NBA

Chris Webber Delivers Poignant Message on Players' Protest After Kenny Smith Walks Off NBA Show

Chris Webber fought back tears as he spoke candidly about the pain in the Black community, frustrated by decades of protests and calls for justice that are repeatedly ignored

Chris Webber
Allen Berezovsky/Getty Images

Former NBA star and TNT analyst Chris Webber delivered an emotional speech Wednesday in support of NBA players who refused to take the court in their playoff games that night.

The five-time All Star was scheduled to commentate on one of Wednesday night's NBA playoff games from the Orlando bubble when all three basketball matchups were postponed in protest over the police shooting of Jacob Blake in Kenosha, Wisconsin.

Speaking on the network's pregame show "Inside the NBA," which went live despite the cancellations, Webber applauded the players using their platform — and the NBA playoffs — to draw attention to social justice reform. He fought back tears as he spoke candidly about the pain in the Black community, frustrated by decades of protests and calls for justice that are repeatedly ignored.

"We know that there's been a million marches, and nothing will change tomorrow," Webber said. "We know 'Vote.' We keep hearing 'Vote, everybody vote.' But I'm here to speak for those that are always marginalized. Those that live in these neighborhoods where we preach and tell them to vote and walk away."

Webber lamented that while it's easy to be discouraged in the fight for racial justice when progress is slow, he urged players and young people to never give up the fight.

“If Martin Luther King got shot, and risked his life, Medgar Evers, and we’ve seen this in all of our heroes constantly taken down. We understand that it’s not gonna end, but that does not mean young men that you don’t do anything," Webber said. "Don’t listen to these people telling you don’t do anything because it’s not gonna end right away. You are starting something for the next generation and the next generation to take over.”

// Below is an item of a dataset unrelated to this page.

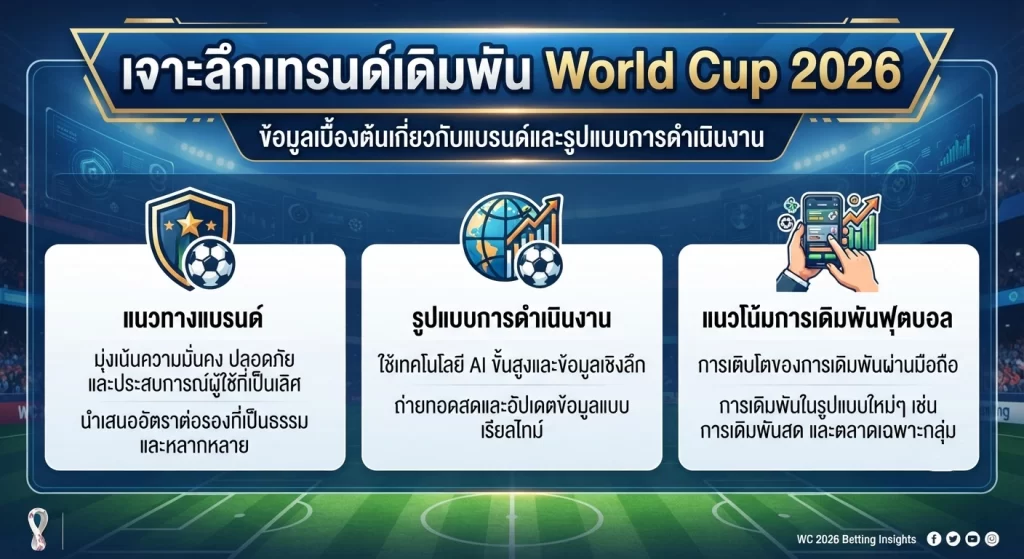 เจาะลึกเทรนด์เดิมพัน World Cup 2026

Webber emphasized not knowing what the next steps are or should be and noted that what's important in this moment is the current step taken by the players and the league have put the focus squarely on social justice reform in protest of the shooting of Blake, a Black man, by Kenosha police, while three of his children in his car looked on.

"I don’t know the next steps," Webber said. "I don’t really care what the next steps are because the first steps are to garner attention, and they have everybody’s attention around the world right now. Then leadership and others will get together and decide the next steps."

Webber's comments followed another raw moment in the show. Former NBA player and longtime TNT analyst Kenny Smith walked off the "Inside the NBA" set just moments after the broadcast began.

“I think the biggest thing now — as a Black man and a former player — I think it’s best for me to not be here tonight,” Smith said, before taking off his microphone and leaving his chair.

Another NBA legend on the show, Charles Barkley, who once defiantly declared that he was not a role model and kids should be taught to emulate their parents, said it was "appropriate" for the Bucks to cancel their game and supported the decision by the rest of league to follow suit. Shaquille O'Neal did, too.

“November is coming up,” O’Neal said. “Make sure you get a new D.A. Make sure you get a new chief of police. Make sure you get a new mayor. Make sure you get a new president. Make sure you get a new sheriff. It’s in our hands. It’s always been in our hands.”

Later Thursday, the NBA’s board of governors will meet and likely address whether the playoff games scheduled for the night will be played. The players also will meet separately to decide how long the stoppage lasts.